Top 10 Inexplicable Yet Perfect Musician Cameos On TV

Amy Roberts rounds up her favourite, weirdest, most fabulous and what-the-actual-fuck musician cameos in TV shows.THURSTON MOORE GOSSIP GIRL CHUCK BASS NATE ARCHIBALD

Many TV shows abuse the viewings boosting powers of the musician cameo. Once you’re reaching a show like the reboot of 90210 you’re faced with wasting at least 5 minutes of every episode being force fed the awful, stilted musical styling of whatever ‘new artist’ is being pushed by Warner Brothers at any given time.

Done with that level of cynical consumerist reward, musician cameos can be horrific, simply there to satisfy the interests of the people on the board of whatever TV channel or production company is making it. The perfect TV musician cameo is usually the one that makes the least sense to the storyline or seems so unbelievable that the payoff of seeing musicians completely out of the context of their music or musician persona is stupendous.

Here, I present to you 10 of my favourite musician cameos in TV. It’s by no means exhaustive, or one of those ‘The Top 10 Most Mind Blowing Musician TV Cameos Of All Time That You Just Will Not Believe!’ that seems to be the latest dialect with which hit hungry websites hook their lines with lately, but simply the ones that have remained with me over time or brought out the shrieking, excitable child in me. I wish I was cooler.
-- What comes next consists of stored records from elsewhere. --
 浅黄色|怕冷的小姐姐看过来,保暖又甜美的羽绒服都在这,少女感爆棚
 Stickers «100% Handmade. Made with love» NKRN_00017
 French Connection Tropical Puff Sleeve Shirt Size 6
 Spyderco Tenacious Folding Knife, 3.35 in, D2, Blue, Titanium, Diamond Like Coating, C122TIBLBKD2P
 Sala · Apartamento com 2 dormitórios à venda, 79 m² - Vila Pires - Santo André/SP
1.The Flaming Lips – Beverley Hills 90210

There’s no better way to add an insidious illusion of subversion and good-times-gone-wild to something than adding a suffix like ‘After Dark’ to a name (just look at something like Hollyoaks Later – a habitual hellmouth to a gurning, sex-fest of post-watershed soap opera abandon). And so it was that the poor old Peach Pit – home of the humble, wholesome milkshake and that old dude who liked hanging out with kids – grew up with those kids of West Beverly High and became (drumroll!) the Peach Pit After Dark run by perpetual fuck up (with a heart of stinking gold) Steve Sanders.
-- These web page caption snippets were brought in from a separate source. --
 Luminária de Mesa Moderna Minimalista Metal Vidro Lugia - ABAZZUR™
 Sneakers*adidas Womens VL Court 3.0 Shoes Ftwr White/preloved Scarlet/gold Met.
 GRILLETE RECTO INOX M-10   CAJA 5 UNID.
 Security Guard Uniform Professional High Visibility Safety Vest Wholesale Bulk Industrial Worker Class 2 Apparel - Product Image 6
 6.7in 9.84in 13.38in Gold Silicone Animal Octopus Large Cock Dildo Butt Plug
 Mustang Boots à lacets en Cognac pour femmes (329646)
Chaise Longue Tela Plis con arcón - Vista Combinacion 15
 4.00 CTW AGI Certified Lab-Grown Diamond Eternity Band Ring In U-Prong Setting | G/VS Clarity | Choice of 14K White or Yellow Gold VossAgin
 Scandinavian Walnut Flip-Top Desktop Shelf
Good old Steve had enough sense to book The Flaming Lips as a ‘mystery guest’ for his club despite seemingly having little to no knowledge of what they actually play as he announces later ‘I’ve never been a big fan of alternative music, but those guys rocked the house!’. Rock is a bit of an over-exaggeration considering that the ‘house’ resembles more of an awkward pebble dash with perplexed extra after perplexed extra moving uncomfortably into a musical abyss as Wayne Coyne and the boys play ‘She Don’t Use Jelly’. Still, I’m sure they all raved about that moment to their hipster mates 20 years later.

2.Sonic Youth – Gossip Girl

I guess we have perpetual name-droppers and ‘I used to be in a band / fuck bands’ power couple Rufus Humphries and Lily Van Der Woodsen to thank for providing the opportunity for one of the weirdest TV cameos in recent memory. Possibly ever, even. I swear, I nearly killed my laptop in a flash flood of red wine spit the minute they turned up on screen.
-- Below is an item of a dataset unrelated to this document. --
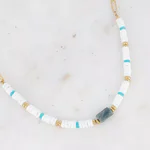 Colier Bohm Paris – Mărgele din Scoici și Apatit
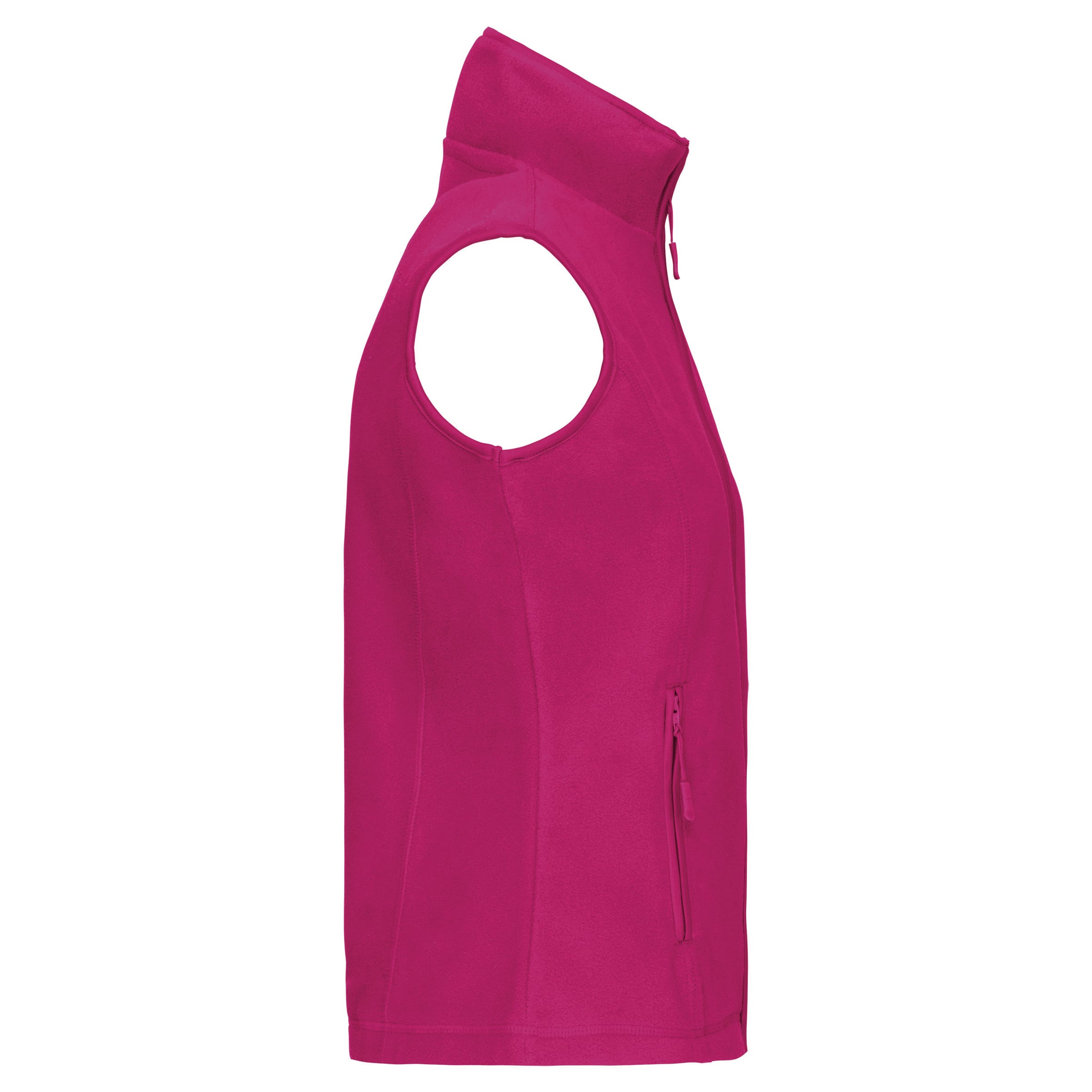 Bodywarmer van microfleece dames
Apparently both Kim and Thurston Moore were GG obsessives (of course they were!) and so managed to wangle themselves a guest spot whilst the rest of us commoners just had to make do with drunkenly calling our BFFs at 1 in the morning and discussing the scandals of Manhattan’s elite like they were real people in our actual lives.

Kim Gordon even acts as an internet ordained minister for the two and marries them into their eventual misery before Sonic Youth play an acoustic version of Evol’s Star Power. I met Thurston Moore recently (this makes it sound like I went for coffee and donuts with him. I didn’t. It was a ticketed meet and greet) and all I could think to talk to him about was Gossip Girl. But I bottled it at the last minute and just asked him to sign my damn vinyl and awkwardly take a picture with me. If only I would have had Sabrina the Teenage Witch with me to perform one of her infatuation spells…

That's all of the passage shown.